Revision as of 23:15, 2 October 2010

The webserver for the year of 1998 was an Indy DevStation with a MIPS R4400 180 Mhz processor, 1 GB of disk space, 128 MB of RAM, and a nice big 20" monitor. This is measly compared to current standards, but was a good machine for the day.[1]

The main machine room houses a number of file servers including a 200 Mhz Pentium Pro with 12 Gigabytes of disk space, several SPARCserver 390s and SUN 3/280s, an ETA10-P supercomputer, and the primary network center including hubs, routers, and two Internet connections.

One classroom area dedicated to high end graphics programming contains six Silicon Graphics INDY workstations with individual cam-corders, an IBM RS/6000 with several X-stations, and a few miscellaneous systems. Licensed software products include the IRIS Development package including 3-D graphics libraries for OpenGL, mathematics packages such as Maple V, and graphics software such as Adobe Photoshop. Most of these computers have 20 or 21-inch color monitors.

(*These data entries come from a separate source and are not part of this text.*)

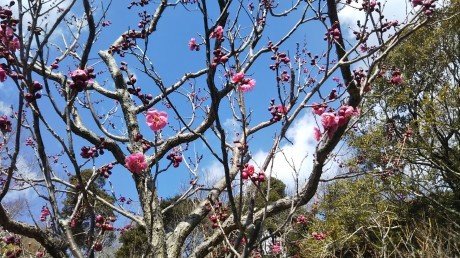 梅見会てくてく歩き 『保久良神社&岡本梅林』_c0218841_17342967.jpg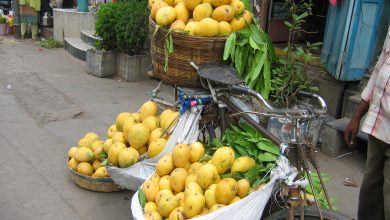 20 Delicious Types Of Mangoes In India And From Where They Belong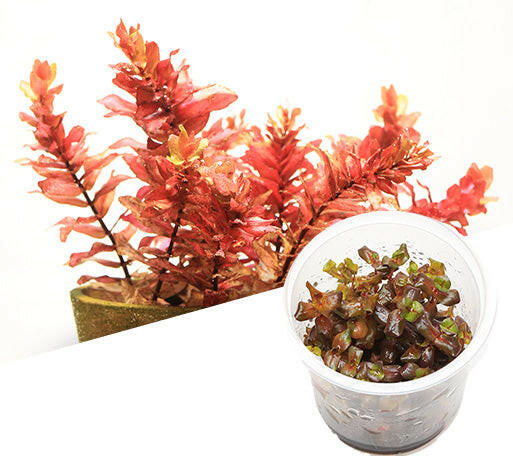 ADA - Rotala macrandra TC Cup-M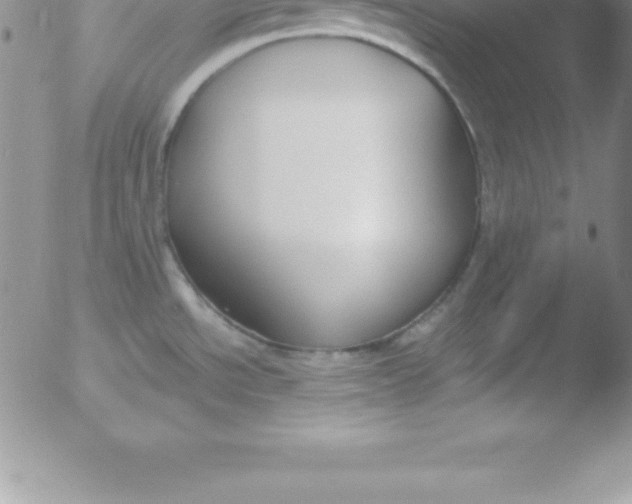 X0000051911534200507082017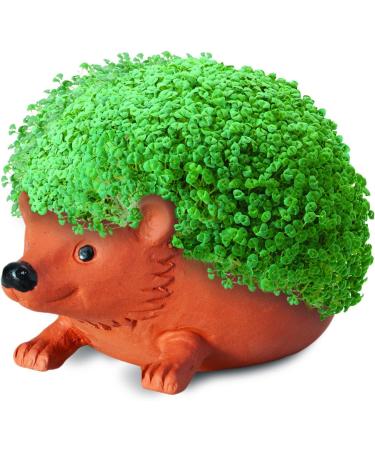 Chia Pet Planter- Hedgehog - Buy Online on GoSupps.com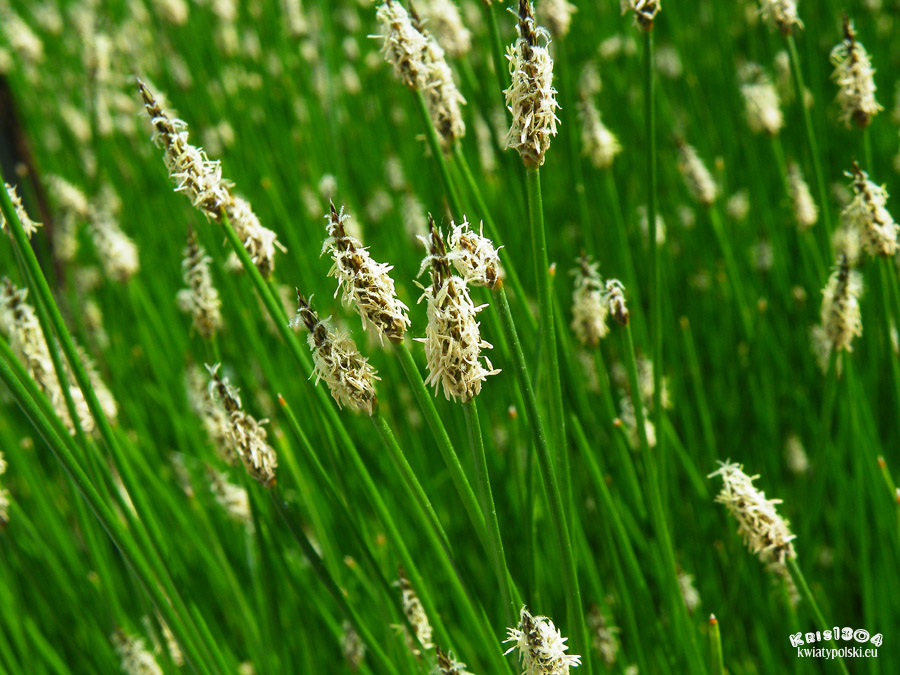 (Eleocharis palustris)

A second classroom area has approximately thirty HP Vectra or Gateway 2000 Pentium systems running Linux with X-Windows. Most of these computers have 17-inch color monitors. Although primarily used in a UNIX environment, most of these computers can also boot to Windows 95. We are grateful to a group of caring alumni of our CS Lab who now work at Microsoft for their generous product donations of Microsoft Office 95 Professional and Visual C++ which we use on these systems.[2]